**DATA EXTRACT**
++++++++

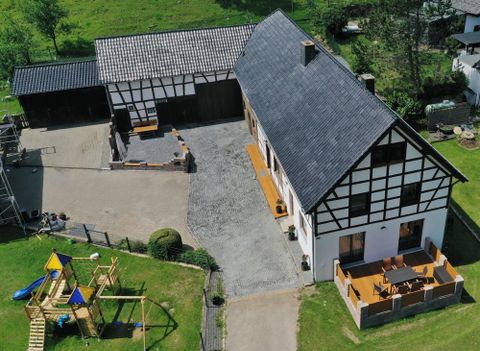 A beautiful farmhouse with a large garden and a playground. The terrace invites you to relax outdoors.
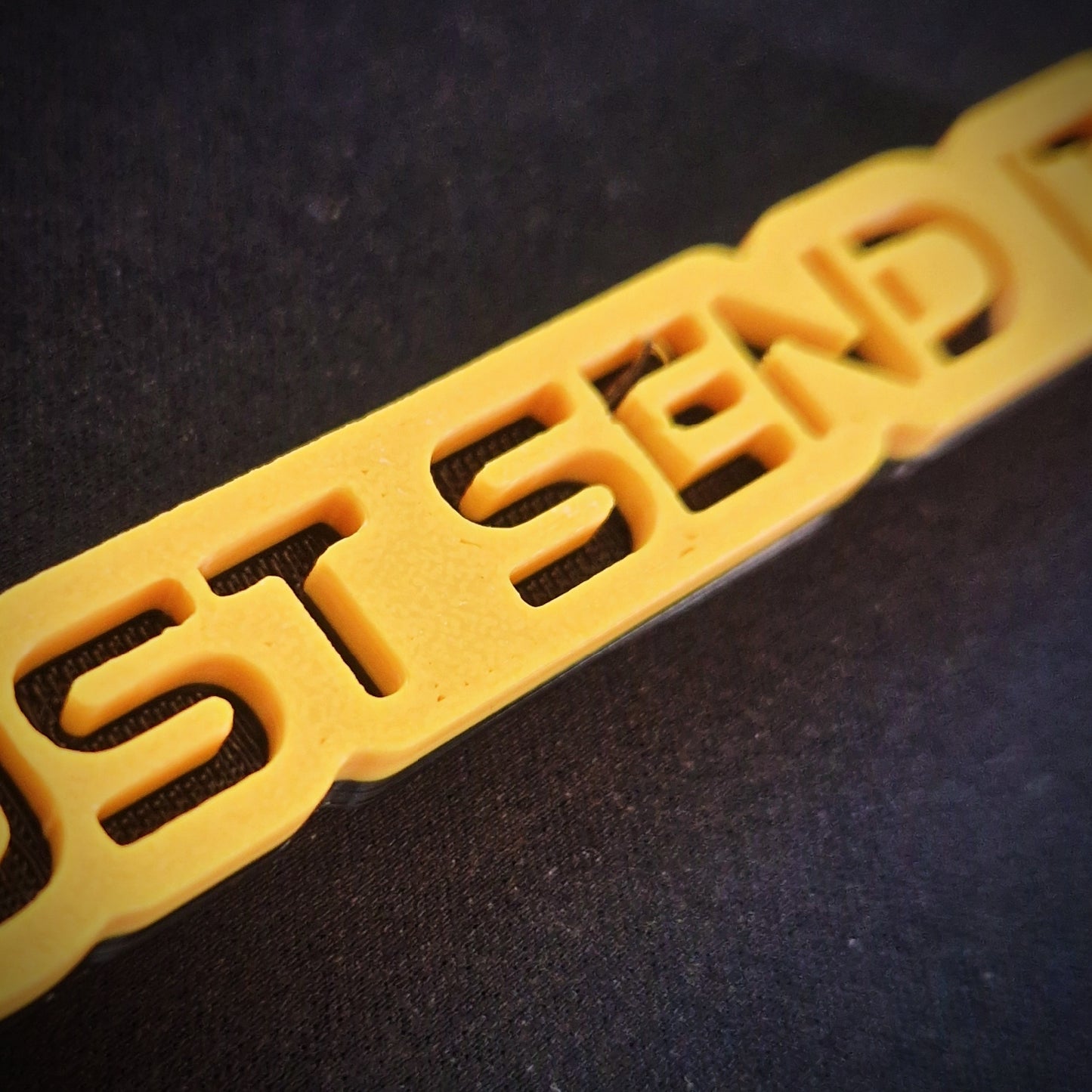 close up, 3d printed yellow just send it car keyring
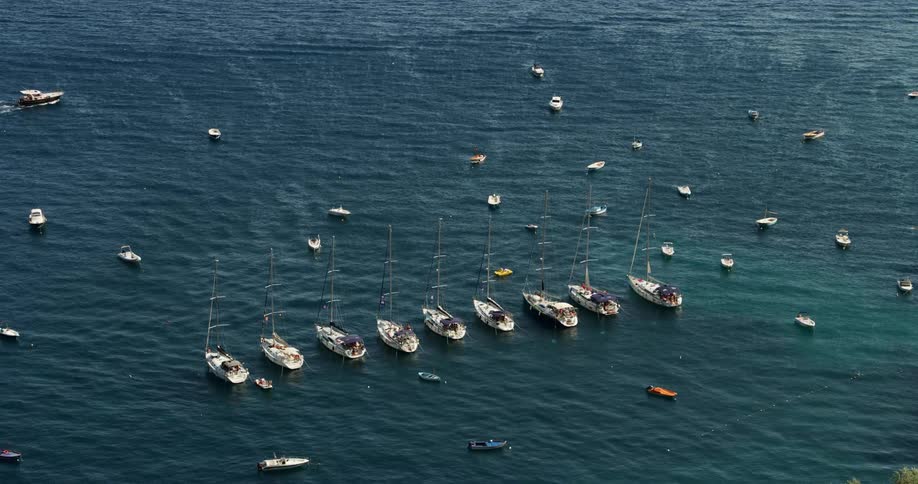 Aerial view of boats anchored in the calm blue ocean waters of a bay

++++++++

**TASK ITEM**
All that is needed is the data above, repeated exactly, without the pictures.

**EXPECTED ANSWER**
 A beautiful farmhouse with a large garden and a playground. The terrace invites you to relax outdoors.
 close up, 3d printed yellow just send it car keyring
 Aerial view of boats anchored in the calm blue ocean waters of a bay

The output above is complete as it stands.